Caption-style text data
= = =

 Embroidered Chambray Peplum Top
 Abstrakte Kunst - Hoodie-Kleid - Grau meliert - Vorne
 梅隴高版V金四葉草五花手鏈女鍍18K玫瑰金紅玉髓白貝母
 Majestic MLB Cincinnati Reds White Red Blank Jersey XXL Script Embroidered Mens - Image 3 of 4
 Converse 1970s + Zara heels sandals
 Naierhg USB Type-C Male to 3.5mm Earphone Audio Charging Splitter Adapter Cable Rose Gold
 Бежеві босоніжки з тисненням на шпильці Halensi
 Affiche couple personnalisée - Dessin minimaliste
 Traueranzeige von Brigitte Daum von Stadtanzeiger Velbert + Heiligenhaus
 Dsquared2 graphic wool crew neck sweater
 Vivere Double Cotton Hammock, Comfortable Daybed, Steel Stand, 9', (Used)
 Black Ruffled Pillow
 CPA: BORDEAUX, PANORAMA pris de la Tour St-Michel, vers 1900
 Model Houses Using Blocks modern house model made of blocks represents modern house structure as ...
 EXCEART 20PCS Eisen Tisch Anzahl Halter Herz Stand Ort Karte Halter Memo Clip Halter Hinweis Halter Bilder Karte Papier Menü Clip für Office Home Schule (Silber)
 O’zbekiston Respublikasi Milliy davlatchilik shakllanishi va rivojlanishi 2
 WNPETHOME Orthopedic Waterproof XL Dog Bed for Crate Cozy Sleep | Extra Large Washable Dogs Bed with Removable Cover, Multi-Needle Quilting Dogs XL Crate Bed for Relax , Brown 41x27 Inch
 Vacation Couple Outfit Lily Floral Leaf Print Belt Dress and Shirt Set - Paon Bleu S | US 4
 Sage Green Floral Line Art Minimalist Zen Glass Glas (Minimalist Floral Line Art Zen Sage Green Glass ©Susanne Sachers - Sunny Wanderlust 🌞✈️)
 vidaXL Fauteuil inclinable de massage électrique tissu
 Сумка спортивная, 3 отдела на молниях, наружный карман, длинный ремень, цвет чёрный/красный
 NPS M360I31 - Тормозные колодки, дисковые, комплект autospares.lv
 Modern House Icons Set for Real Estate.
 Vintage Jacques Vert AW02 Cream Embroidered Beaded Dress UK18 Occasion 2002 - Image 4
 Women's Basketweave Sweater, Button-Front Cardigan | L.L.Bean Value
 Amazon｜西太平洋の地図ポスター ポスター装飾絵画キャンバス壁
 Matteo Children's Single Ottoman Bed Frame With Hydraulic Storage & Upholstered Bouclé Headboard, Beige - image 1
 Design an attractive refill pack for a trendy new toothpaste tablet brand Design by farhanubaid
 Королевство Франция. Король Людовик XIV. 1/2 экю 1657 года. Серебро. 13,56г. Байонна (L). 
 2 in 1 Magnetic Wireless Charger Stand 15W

= = =

**Directions:**
Please filter the entries above down to the lines holding "Embroidered" and copy them.

**Completed exercise:**
 Embroidered Chambray Peplum Top
 Majestic MLB Cincinnati Reds White Red Blank Jersey XXL Script Embroidered Mens - Image 3 of 4
 Vintage Jacques Vert AW02 Cream Embroidered Beaded Dress UK18 Occasion 2002 - Image 4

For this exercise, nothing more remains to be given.